[distcc] Re: Bug#214621: distcc: better handling for round-robin DNS

Zygo Blaxell zblaxell at genki.hungrycats.org
Wed Oct 8 21:12:50 GMT 2003


On Wed, Oct 08, 2003 at 12:32:42PM +1000, Martin Pool wrote:
> On  7 Oct 2003, Zygo Blaxell <zblaxell at genki.hungrycats.org> wrote:
> > 2.  Locking, backoff, and scheduling should be done by IP address.
> > Currently if any single volunteer fails, distcc will drop all of the
> > IP addresses associated with the name.

Actually I now realize the above is wrong, it should only be the backoff
that uses the IP.  Scheduling and locking should be done using just
the names...

> A fair number of machines have multiple A entries because they have
> multiple network interfaces.  (In particular, I use one such in my
> build farm.)  We wouldn't want them to get twice as many jobs, or to
> interfere with sending the jobs over the best interface.

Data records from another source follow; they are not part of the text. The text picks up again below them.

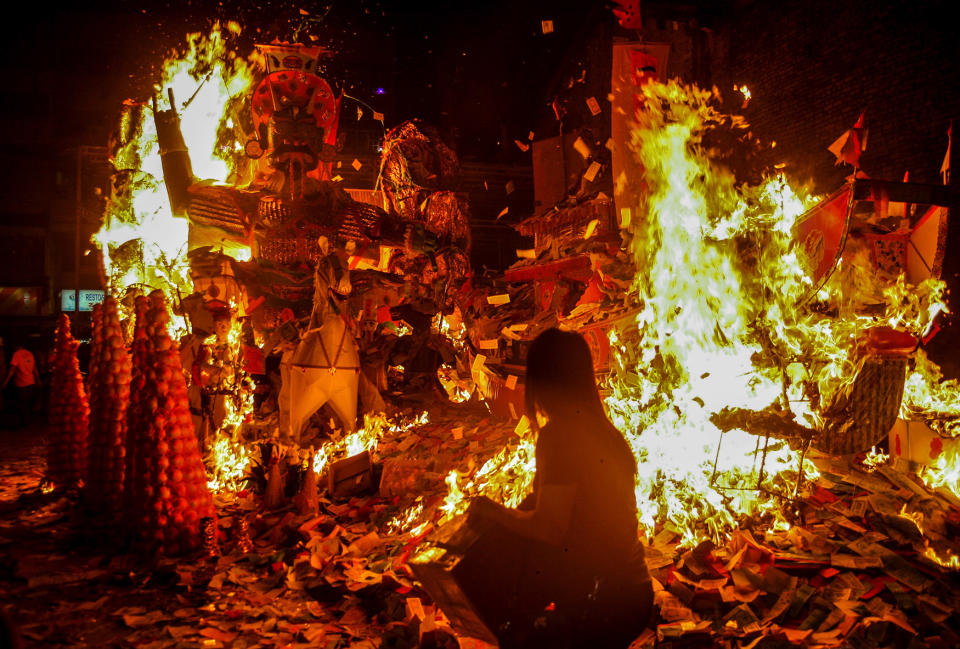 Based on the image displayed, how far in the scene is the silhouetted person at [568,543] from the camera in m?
2.70

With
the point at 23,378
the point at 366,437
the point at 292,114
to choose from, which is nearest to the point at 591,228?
the point at 366,437

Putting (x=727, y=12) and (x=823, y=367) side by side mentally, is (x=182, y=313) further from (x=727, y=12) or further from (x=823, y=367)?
(x=727, y=12)

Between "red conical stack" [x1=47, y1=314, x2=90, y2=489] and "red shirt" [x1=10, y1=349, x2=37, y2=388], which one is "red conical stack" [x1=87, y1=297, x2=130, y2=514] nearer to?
"red conical stack" [x1=47, y1=314, x2=90, y2=489]

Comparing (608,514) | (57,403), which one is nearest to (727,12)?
(608,514)

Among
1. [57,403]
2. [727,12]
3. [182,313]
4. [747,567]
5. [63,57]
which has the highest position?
[63,57]

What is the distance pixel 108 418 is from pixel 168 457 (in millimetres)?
1916

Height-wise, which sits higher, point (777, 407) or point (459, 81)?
point (459, 81)

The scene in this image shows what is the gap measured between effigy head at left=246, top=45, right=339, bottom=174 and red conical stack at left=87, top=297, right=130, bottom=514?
412 centimetres

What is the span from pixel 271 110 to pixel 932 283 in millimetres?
10841

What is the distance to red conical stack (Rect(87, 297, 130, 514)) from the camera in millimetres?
7410

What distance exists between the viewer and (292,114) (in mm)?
10797

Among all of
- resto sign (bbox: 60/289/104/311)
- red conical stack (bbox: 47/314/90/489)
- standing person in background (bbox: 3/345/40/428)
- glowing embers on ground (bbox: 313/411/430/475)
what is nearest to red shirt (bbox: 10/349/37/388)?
standing person in background (bbox: 3/345/40/428)

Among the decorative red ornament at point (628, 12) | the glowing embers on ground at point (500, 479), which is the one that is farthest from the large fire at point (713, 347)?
the decorative red ornament at point (628, 12)

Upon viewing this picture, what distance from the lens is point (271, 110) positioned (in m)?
10.9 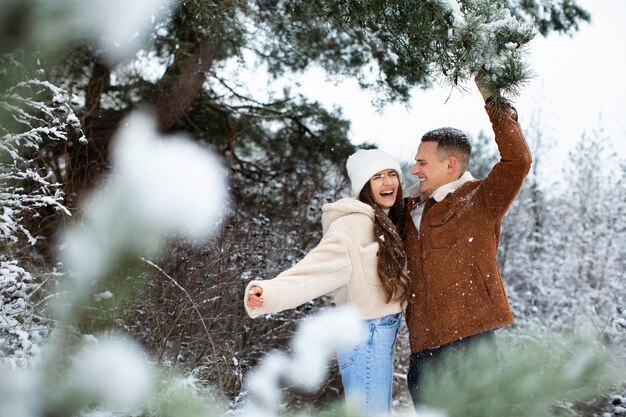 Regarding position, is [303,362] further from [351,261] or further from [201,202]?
[351,261]

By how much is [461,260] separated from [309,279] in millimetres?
680

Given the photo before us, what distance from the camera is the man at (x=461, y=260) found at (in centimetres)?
253

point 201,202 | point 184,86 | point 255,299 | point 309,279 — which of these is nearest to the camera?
point 255,299

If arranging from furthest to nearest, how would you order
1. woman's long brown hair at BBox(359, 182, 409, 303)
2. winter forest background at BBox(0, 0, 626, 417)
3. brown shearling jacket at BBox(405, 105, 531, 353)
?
1. woman's long brown hair at BBox(359, 182, 409, 303)
2. brown shearling jacket at BBox(405, 105, 531, 353)
3. winter forest background at BBox(0, 0, 626, 417)

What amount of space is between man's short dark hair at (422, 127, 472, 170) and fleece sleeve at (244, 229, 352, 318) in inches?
27.4

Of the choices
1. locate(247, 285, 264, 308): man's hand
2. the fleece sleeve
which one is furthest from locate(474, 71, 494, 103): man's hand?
locate(247, 285, 264, 308): man's hand

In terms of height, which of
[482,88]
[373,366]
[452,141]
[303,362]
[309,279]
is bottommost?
[373,366]

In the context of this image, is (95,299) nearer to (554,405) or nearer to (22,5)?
(22,5)

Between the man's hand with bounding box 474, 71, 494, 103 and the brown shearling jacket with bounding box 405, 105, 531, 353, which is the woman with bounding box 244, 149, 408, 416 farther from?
the man's hand with bounding box 474, 71, 494, 103

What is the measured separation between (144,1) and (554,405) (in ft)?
2.63

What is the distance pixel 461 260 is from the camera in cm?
263

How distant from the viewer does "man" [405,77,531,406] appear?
2.53m

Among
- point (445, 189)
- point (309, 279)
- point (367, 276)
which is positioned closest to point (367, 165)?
point (445, 189)

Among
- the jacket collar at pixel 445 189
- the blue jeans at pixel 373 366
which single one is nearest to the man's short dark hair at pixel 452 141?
the jacket collar at pixel 445 189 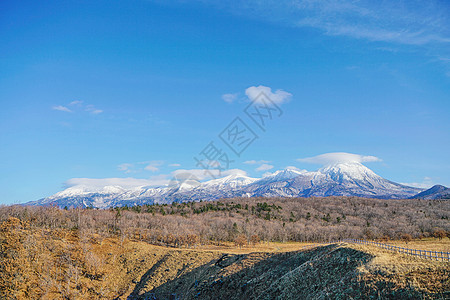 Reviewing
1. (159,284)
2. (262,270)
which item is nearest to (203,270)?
(159,284)

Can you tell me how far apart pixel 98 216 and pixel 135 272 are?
58.1 metres

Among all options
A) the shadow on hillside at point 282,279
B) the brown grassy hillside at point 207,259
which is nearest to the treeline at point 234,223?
the brown grassy hillside at point 207,259

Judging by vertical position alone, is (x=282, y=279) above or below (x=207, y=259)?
above

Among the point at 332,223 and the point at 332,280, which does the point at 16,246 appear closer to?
the point at 332,280

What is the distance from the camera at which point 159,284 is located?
215 ft

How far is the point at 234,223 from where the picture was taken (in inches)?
5157

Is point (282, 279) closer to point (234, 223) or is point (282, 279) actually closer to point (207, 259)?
point (207, 259)

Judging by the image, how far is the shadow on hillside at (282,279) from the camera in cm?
3027

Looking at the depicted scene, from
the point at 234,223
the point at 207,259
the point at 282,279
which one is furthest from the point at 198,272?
the point at 234,223

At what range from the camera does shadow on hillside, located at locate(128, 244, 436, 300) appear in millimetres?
30266

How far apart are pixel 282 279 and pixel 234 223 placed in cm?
9206

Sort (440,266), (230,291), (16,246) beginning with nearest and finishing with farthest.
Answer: (440,266) < (230,291) < (16,246)

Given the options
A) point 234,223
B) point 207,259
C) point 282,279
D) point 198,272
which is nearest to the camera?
point 282,279

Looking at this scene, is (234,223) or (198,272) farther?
(234,223)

...and this is why.  Well, that, and the fact that I actually want
only a subset of each rr dns record to be used by any given client, as
this tends to result in better load balancing when there are very fast
machines at the head of the list.

Certainly the error-reporting wish still holds even (especially)
in this case.  One of the interfaces may be down, or a user might
be unintentionally using a multi-homed host's name instead of an
interface-specific alias, and wondering why it only works once or twice
until it hits an unreachable IP address and puts the DNS name into
backoff mode.

> Using multiple names with different options for each is an intruiging
> idea, but once you start putting configuration like that on each
> client you've lost much of the benefit.

I encode the relative speeds of the machines into the DNS round robin
names.  I have a small office LAN with several identical machines where
there is a single 'distcc' rr dns record.   I also have a larger office
with three CPU architectures, three gcc versions, and CPU speeds ranging
from 0.2 to 3.0 GHz, with a number of records based on what features the
client needs and what resources it is entitled to.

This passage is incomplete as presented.